Required work:
Please find every line below that includes "High" and report how many there are. Nothing else is needed.

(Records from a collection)
+ + + + + + +
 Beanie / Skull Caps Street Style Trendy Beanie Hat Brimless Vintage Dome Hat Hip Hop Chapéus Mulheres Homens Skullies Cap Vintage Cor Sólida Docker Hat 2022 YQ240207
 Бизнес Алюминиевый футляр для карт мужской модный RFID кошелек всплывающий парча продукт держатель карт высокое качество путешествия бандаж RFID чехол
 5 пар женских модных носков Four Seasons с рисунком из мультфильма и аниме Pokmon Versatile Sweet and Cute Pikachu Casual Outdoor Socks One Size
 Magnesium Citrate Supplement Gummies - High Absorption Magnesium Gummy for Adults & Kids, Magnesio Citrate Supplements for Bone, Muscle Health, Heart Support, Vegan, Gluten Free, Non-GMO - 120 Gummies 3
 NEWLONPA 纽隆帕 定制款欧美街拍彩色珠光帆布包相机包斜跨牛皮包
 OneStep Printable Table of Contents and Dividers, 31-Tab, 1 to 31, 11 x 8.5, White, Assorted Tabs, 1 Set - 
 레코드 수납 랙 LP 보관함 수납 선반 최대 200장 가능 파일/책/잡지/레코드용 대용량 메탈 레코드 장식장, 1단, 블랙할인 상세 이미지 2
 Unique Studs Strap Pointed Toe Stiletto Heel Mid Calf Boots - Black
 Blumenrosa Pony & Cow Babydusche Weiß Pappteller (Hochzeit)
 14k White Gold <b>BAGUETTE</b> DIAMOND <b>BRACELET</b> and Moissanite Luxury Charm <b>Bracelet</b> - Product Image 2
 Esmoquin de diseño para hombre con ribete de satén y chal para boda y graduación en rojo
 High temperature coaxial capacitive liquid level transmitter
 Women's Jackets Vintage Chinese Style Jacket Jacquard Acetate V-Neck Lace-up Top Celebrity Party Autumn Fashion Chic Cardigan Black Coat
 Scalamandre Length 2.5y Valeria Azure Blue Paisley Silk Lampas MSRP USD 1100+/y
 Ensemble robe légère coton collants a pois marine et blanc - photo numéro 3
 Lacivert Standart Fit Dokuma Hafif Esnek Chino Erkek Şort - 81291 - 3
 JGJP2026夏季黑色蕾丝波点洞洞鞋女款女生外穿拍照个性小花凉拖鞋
+ + + + + + +
Answer to the exercise:
2